By linking feminism and disability, we look at things such as a woman’s health, beauty, aging, reproductive, prosthetic, and access issues. By analyzing and studying the feminist disability theory further, we can comprehend better what women with disabilities went through socially, personally, and professionally. By comprehending it, we can start appreciating women with disabilities even more. “The constituency for feminist disability studies is all of us, not only women with disabilities: disability is the most human of experiences, touching every family and-if we live long enough-touching us all.”

Based on history’s standards, women represented minimal positions. A woman’s main role was to be a housewife. As times progressed and changed, more and more women were seen in the workforce, and now there are more women than ever getting their post-secondary education and working as CEO’s.

But if women and disability are characterized together, society sees disabled women as hopeless, weak, vulnerable, and incapable of doing anything. That’s the case even today. I, personally, have experienced that. Despite all obstacles and constraints, I obtained a certificate, a diploma, and a bachelor’s degree. I’m now married, have my own business, and live independently. When I met my future father-in-law, he tried to do everything he could to get his son to breakup with me. He said such things as, “She won’t be able to finish her education”, “she won’t be able to work”, and “she won’t be able to do any housework”, as well as “she will be in a wheelchair by the time she’s 40”. He even went as far as set his son up on a date with another woman AFTER his son proposed to me.

After my husband and I got married, my father-in-law started to realize that I CAN actually work and be independent and be nothing like what he told his son she would be like, my father-in-law began telling his son that he should find himself a woman that will practically be his slave, will be at home cooking, cleaning, and doing everything he tells her to do. So, despite it being 2022, a new era for equality and change, my father-in-law had the old- school mindset of the 1950s and 1960s. I was confused as to what his actual issue with me was. Was it the fact that I’m disabled or the fact that I’m a woman who was trying to make something of herself ? My best guess is that it was both.

Maysoon Zayid is an Arabic woman living with Cerebral Palsy in New Jersey.
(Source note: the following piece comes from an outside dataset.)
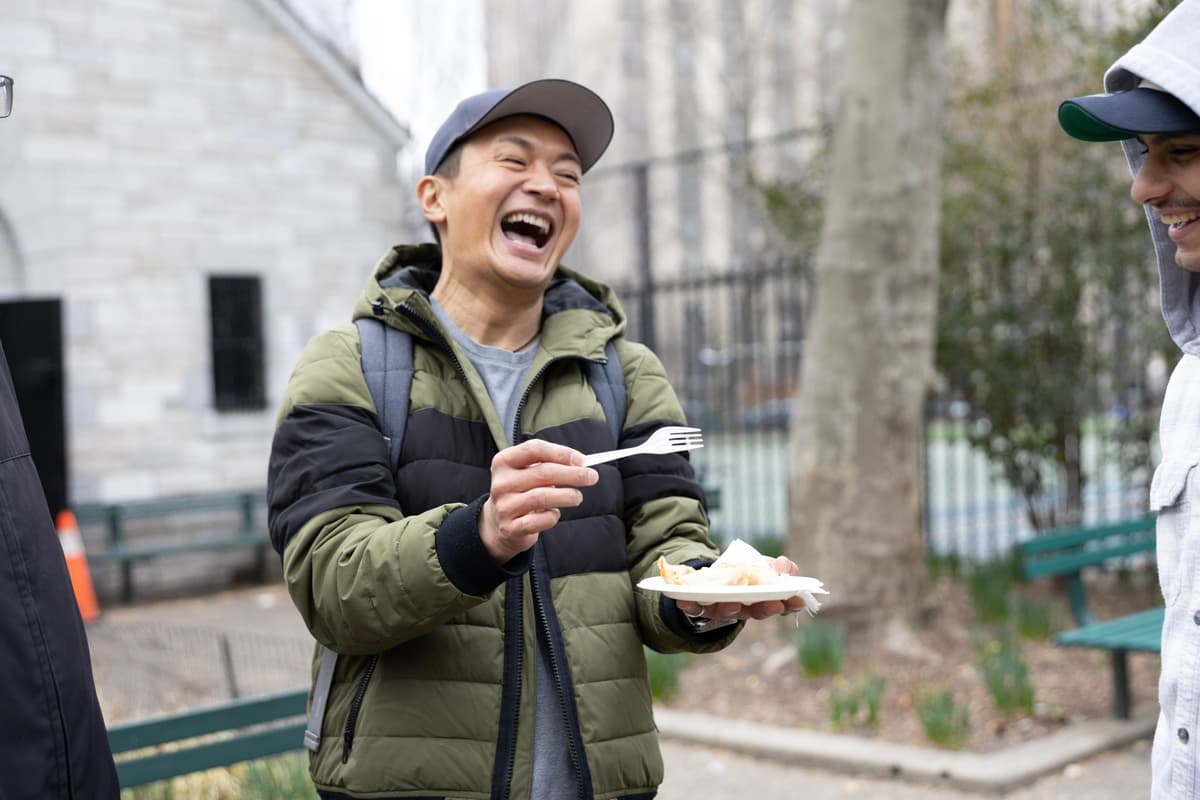 NYC Walking Tour: Wall Street History & Chinatown Food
She did a TED Talks presentation years ago where talked about growing up and living as an Arabic woman who has Cerebral Palsy.  One thing she said during her TED Talks presentationthat resonated with me was, “Disability is as visible as race. If a wheelchair user can’t play Beyoncé, then Beyoncé can’t play a wheelchair user. People with disabilities are the largest minority in the world underrepresented in the entertainment industry.” Despite all her the hardships she had to endure, Zayid got to do things like walk the red carpet, work on a movie with Adam Sandler, and even perform for the legendary Mohammad Ali. Zayid presented herself with class; her intention was not to make the audience and viewers feel sorry for her, but rather to educate. She did it with a sense of humour while using facts and her own personal experiences.

When a writer and/or a speaker delivers from the heart and soul, that’s when the information presented stays with you; that’s when you feel you learn the most and even want to research the topic in question further; and that’s when you can discuss the topic with others afterwards with those who have interest in it and want to learn about it.

Learning and growing is an ever-lasting experience.  I now want to read more on other women’s experiences and personal struggles. Though I’d gone through it myself, I’m not a know-it-all. I want to expand my knowledge on both feminism and disability; I want to learn more on why these two issues are so intertwined, what made them connect, and how they are connected now. My goal is to have a wider awareness on the issue, so I can have a widespread conversation rather than just base my knowledge on my own experience on these issues as both separate entities, as well as a united issue.